With affiliations to Waikato and Taranaki iwi, and Rangitaawhi and Ngati Mahanga hapu, plus her demonstrated interest in health sciences, Roiana applied and was accepted for the Tū Kahika programme. The lectures in physics, biology, chemistry, calculus, statistics, English and epidemiology are providing a solid grounding to meet the challenges she will face if she is accepted into Otago’s HSFY course next year.
“It is hard being away from family, but it’s worth it,” she says. “It gives you your own sense of independence. We are really supported by Tū Kahika mentors and ex-Tū Kahika students from previous years – it’s really a family, especially thanks to the Programme Manager Zoë Bristowe.”
Ms Bristowe says, “it’s fantastic to meet and be able to support inspirational young people that you know will make a significant contribution to Māori health outcomes like Roiana. Roiana is fluent in te reo Māori and a very dedicated student, she’s made a good decision to use the Tū Kahika Scholarship to be better prepared for HSFY next year.
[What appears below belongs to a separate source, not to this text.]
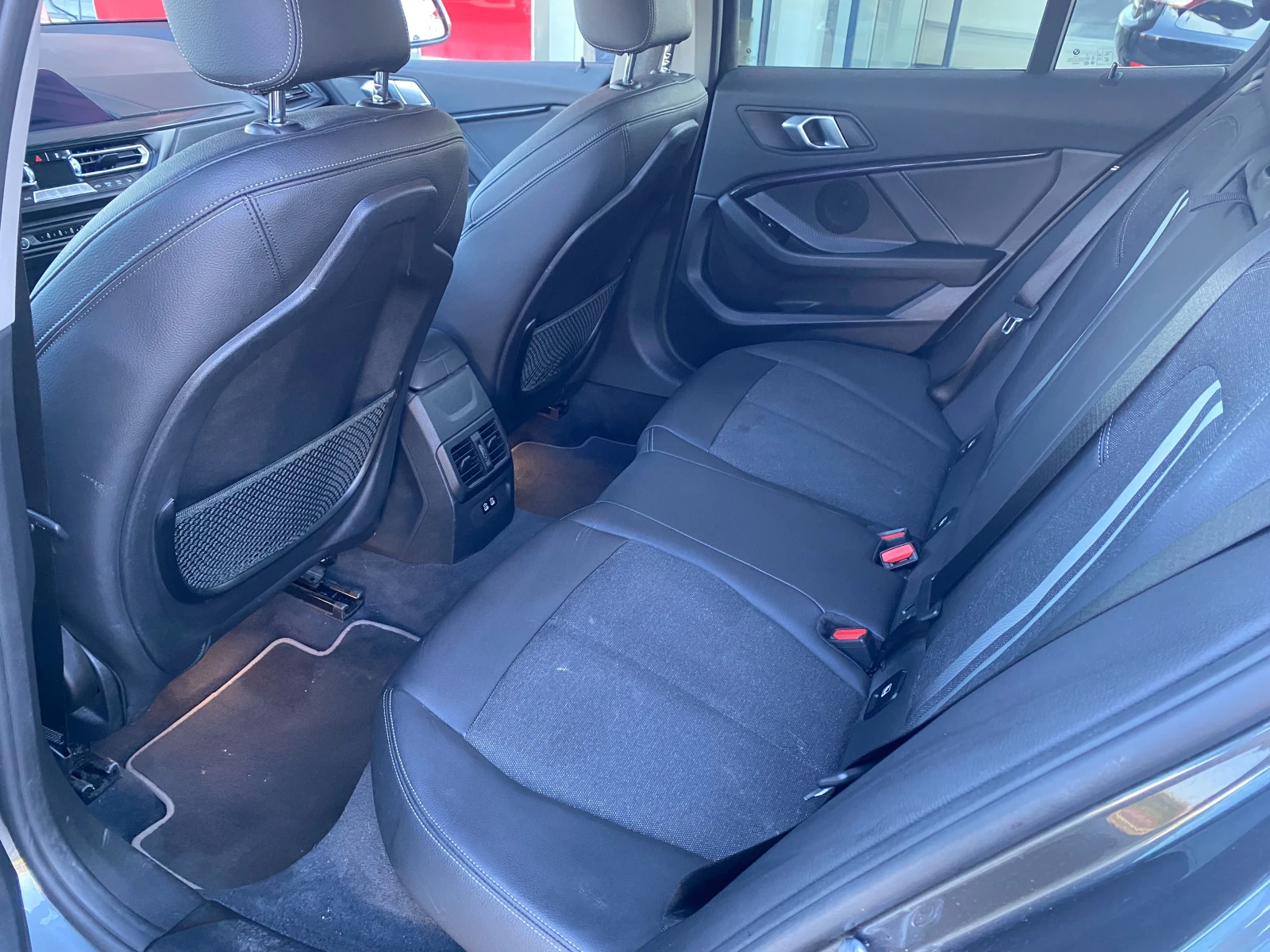 BMW 116 1.5 D Sport Line | Mobile.bg   13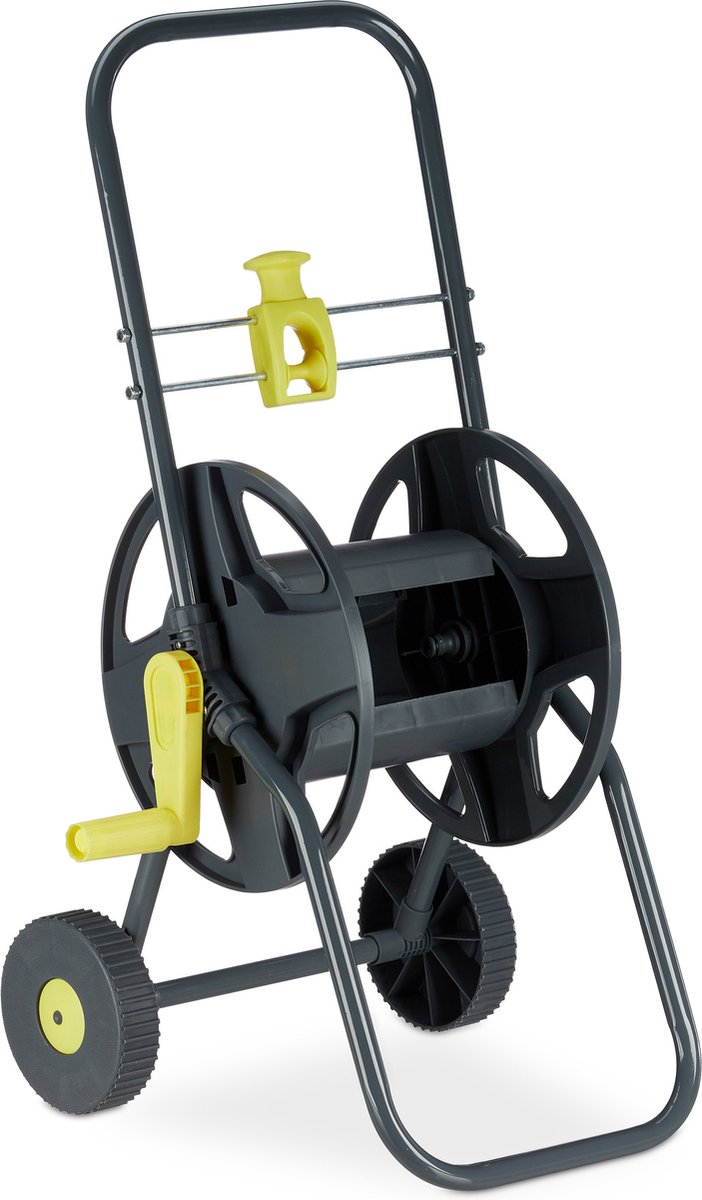 Bol.com Slangenwagen - 45 m - zonder slang aanbieding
Roiana is an outstanding young woman and I’m looking forward to seeing her achieve her goal of becoming a doctor in the near future.”
Roiana visited Dunedin last year thanks to an University of Otago On Campus Experience (OCE) scholarship which enabled her to see what it was like in the southern city. She made a second visit with her family to confirm which residential college she would prefer to live in if she was accepted for Tū Kahika.
“I wanted to be put into Arana. When I came to Dunedin for the OCE programme, I visited Arana and I just loved it – it gave me a sense that I was at home. The Warden, Jamie Gilbertson, is so funny and so accepting.”
Roiana offers this advice to high school students thinking of heading to Otago.
“Apply for every and any scholarship you can. Even if it seems hard and takes a long time, it doesn’t matter in the long run because you never know what you will get. You may get money to support you and your dreams just like the Tū Kahika Scholarship has done for me.”